So if you have someone go run up to them and let them know that you love them, and women you are amazing! You too guys, I guess.

Can't we all just get a long--Home wreckers included?

I Don't Know You but I Think I Love You.

Do you believe in love at first sight? or should I walk by again. . . I love that joke. I don't know if I believe at love at first sight. I think attraction is very important in a relationship. I was always trying to convince myself that I wasn't in love--we were just friends, that by the time my heart finally overcame my head I had seen Tim a hundred times or more. Oh what the heck I'm a hopeless romantic I guess there could be love at first sight, but you should still get to know each other for goodness sakes......

A few of my early heart breaker moments and surely not my last.
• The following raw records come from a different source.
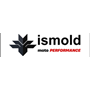 İSMOLD
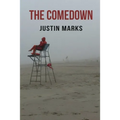 The Comedown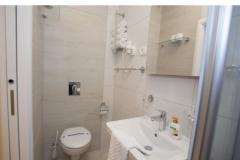 Villa Alesa Apartmán 3 - APP br. 4 foto 2
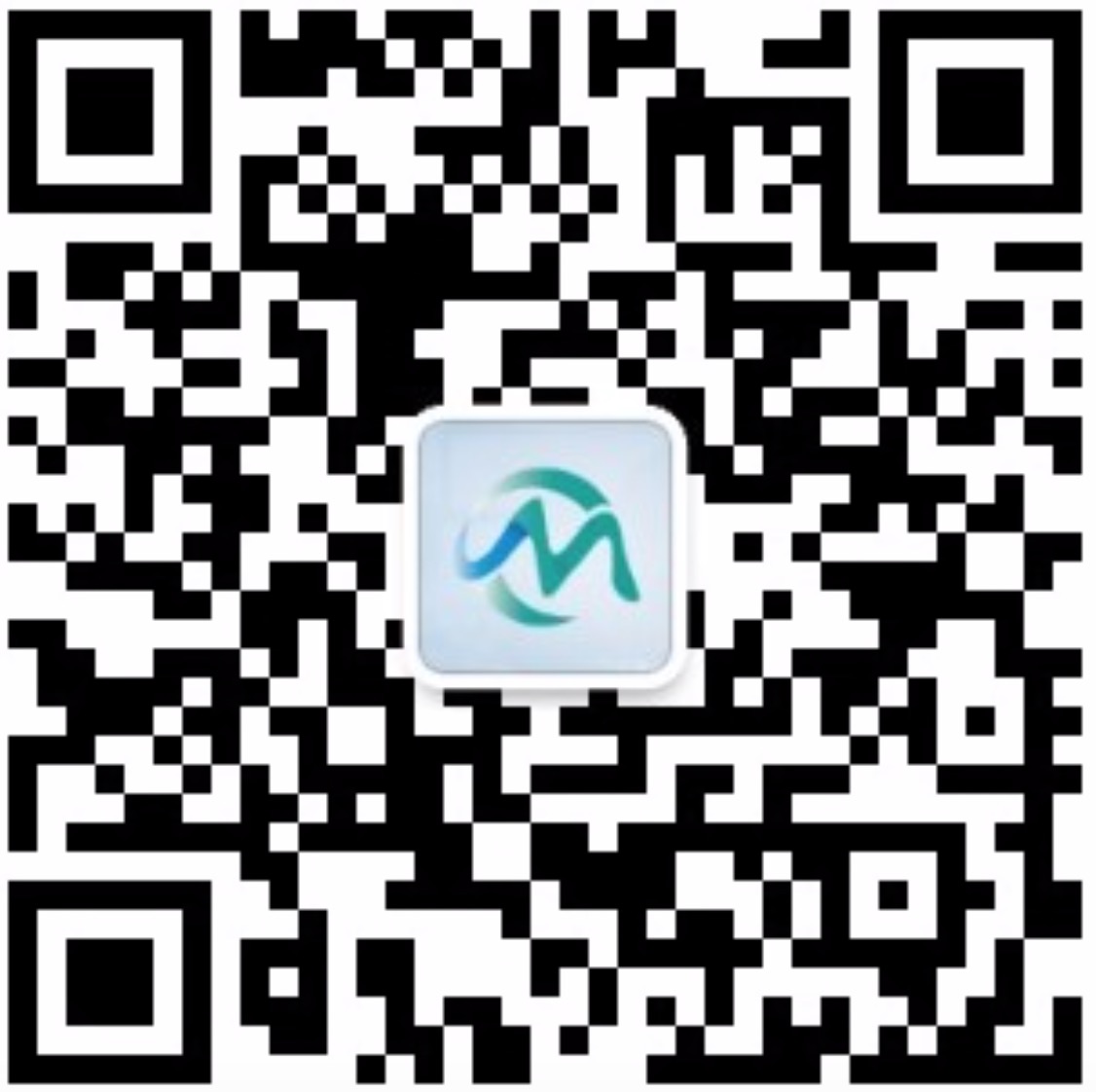 2019年12月9日-11日·南京·国际医疗健康科技博览会举行-肽度TIMEDOO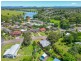 6 Railton Avenue, Taree NSW 2430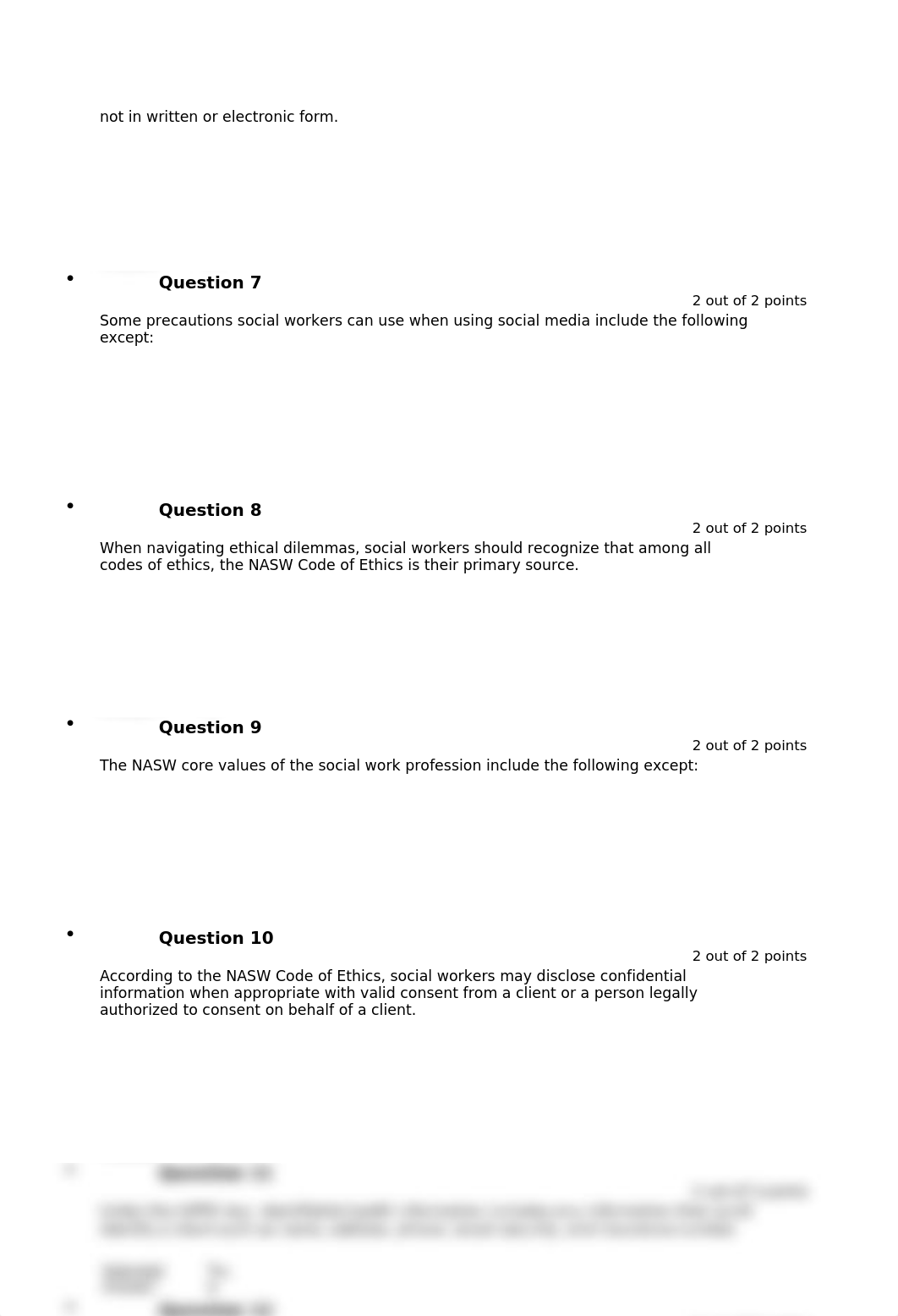 SOWK 270 Quiz 6.docx_da74jqk7hk3_page2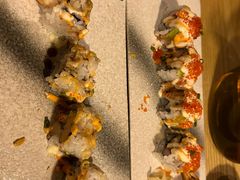 -小句号·精致料理(江南环球港店)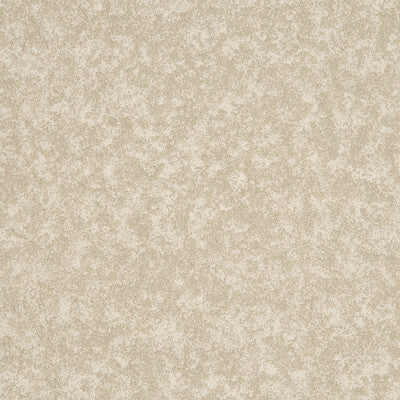 THREADS EW15013.140.0 PATINA STONE Wallpaper - Eade's Wallpaper
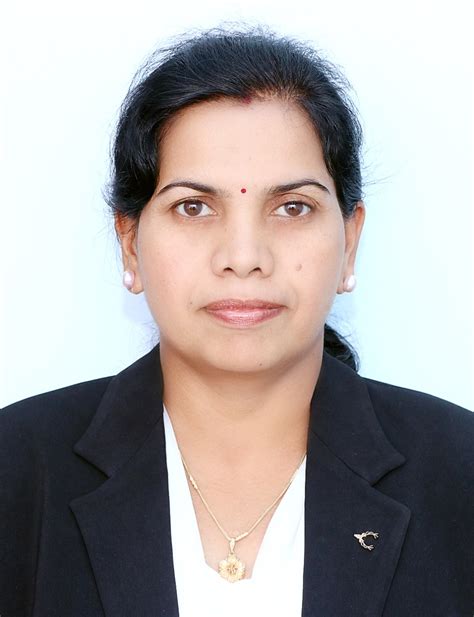 List of Judicial Officers | Orissa High Court, Cuttack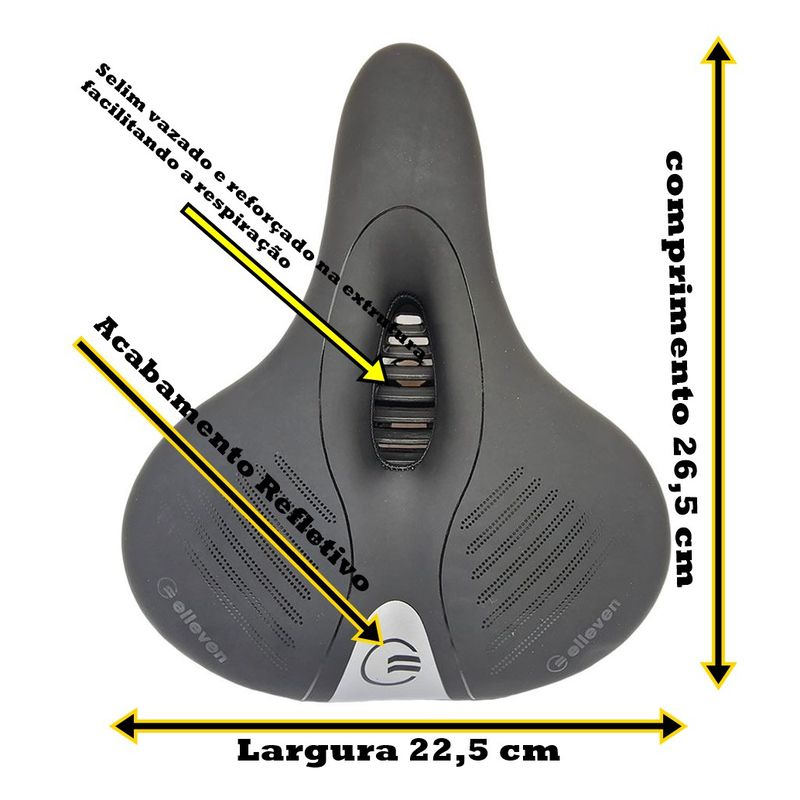 17508015120716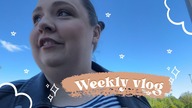 Nie tego się spodziewałam  | VLOG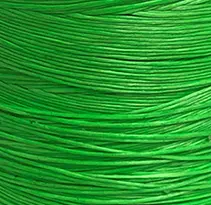 [A047527] BCY SERVING MATERIAL POWERGRIP .014" 1LBS 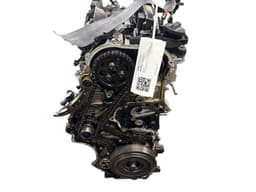 HONDA N16A4 Engine HONDA CR-V IV (RM) (2012-2016) — thumbnail 3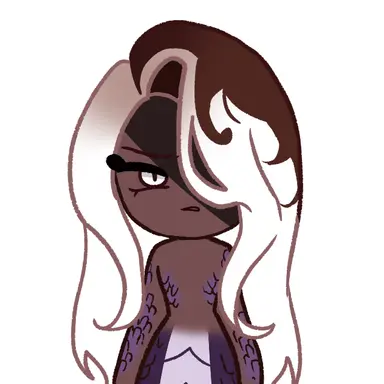 Profile image of Affogato Cookie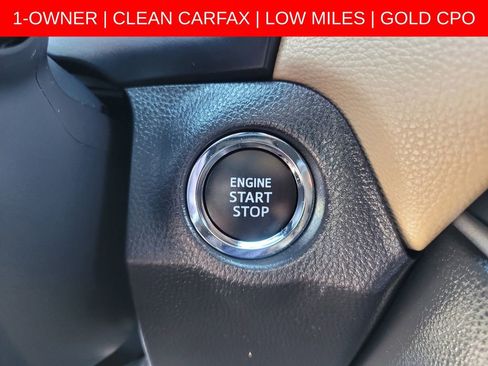 Used 2025 Toyota RAV4 XLE FWD image 31
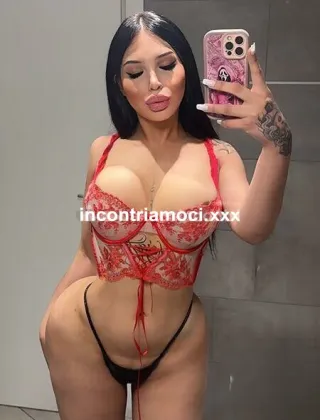 33 - Marti Trans Roma - 3447937972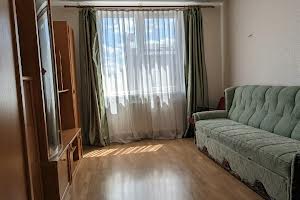 квартира за адресою Василя Симоненка вул.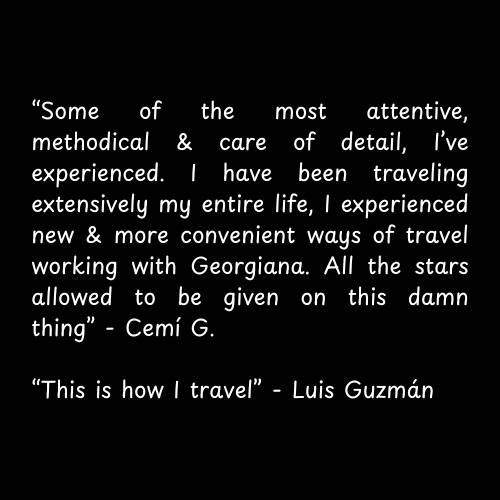 Luiz Guzman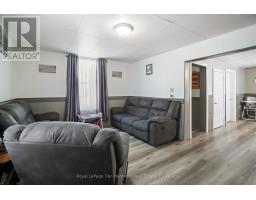 540 AINLEY STREET - 11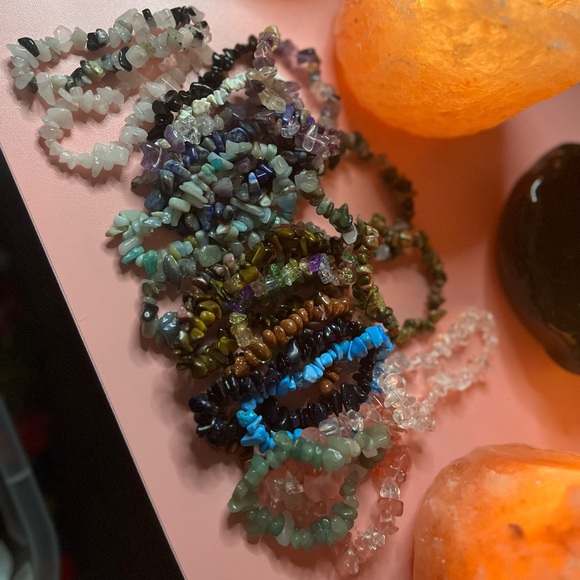 Meet your Posher, Randi marie - Picture 14 of 14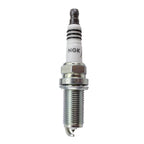 Iridium IX Spark Plug 0.044 for BMW Lexus Saab Subaru Toyota Volvo (6619)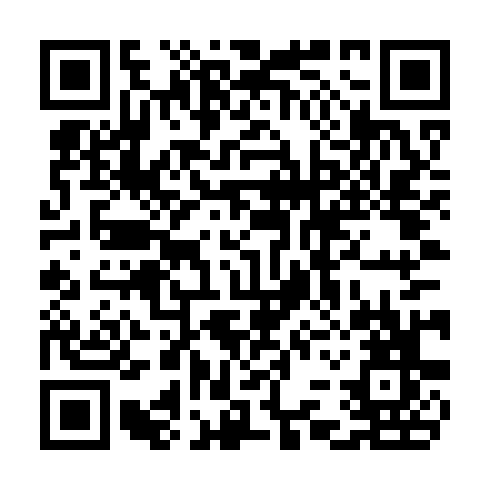 QR code for CJT971
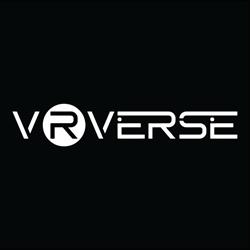 Vrverse, Sfântu Gheorghe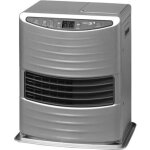 Zibro lc - 30 - radiateur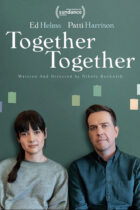 Together Together (2021)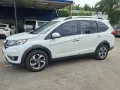 2017 Honda BR-V V automatic - cash & financing-0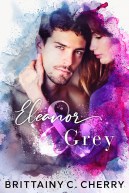 Elenor_Gray_Cover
Tony the Homeless man my brother-in-law adopted. I was 15 or 16 and I was spending my summer vacation watching my baby niece for my sister. I always did love babies. Here was this creepy guy living on my sister's couch who somehow with in two weeks was convinced he was madly in love with me and wanted to marry me. He thought I was the most beautiful and intellectually stimulating young girl he had ever met. He even quit his job so he could spend all day with me. He started to get really creepy. I would have to lock myself in the bedroom until Bill came home. He kept touching me. I told the poor guy that he made me sick and that I didn't like him at all, and that I had a boyfriend--which some how the week before this guy named Andy I was chatting with online thought we were an item so technically it wasn't a lie. The poor guy didn't even get my brutal honesty and brought me pepto bismal thinking that would help with the sickness. Finally enough was enough and I called my sister to let her know that there was a homeless guy living in her house, and my dad had called and Tony had answered the phone and said that I couldn't come to the phone so he was on his way to pick me up that day and have my brother watch my niece instead. Bill got a severe verbal beat down, and every time I look at pepto I think of this stupid guy who didn't understand what it meant to be repulsive.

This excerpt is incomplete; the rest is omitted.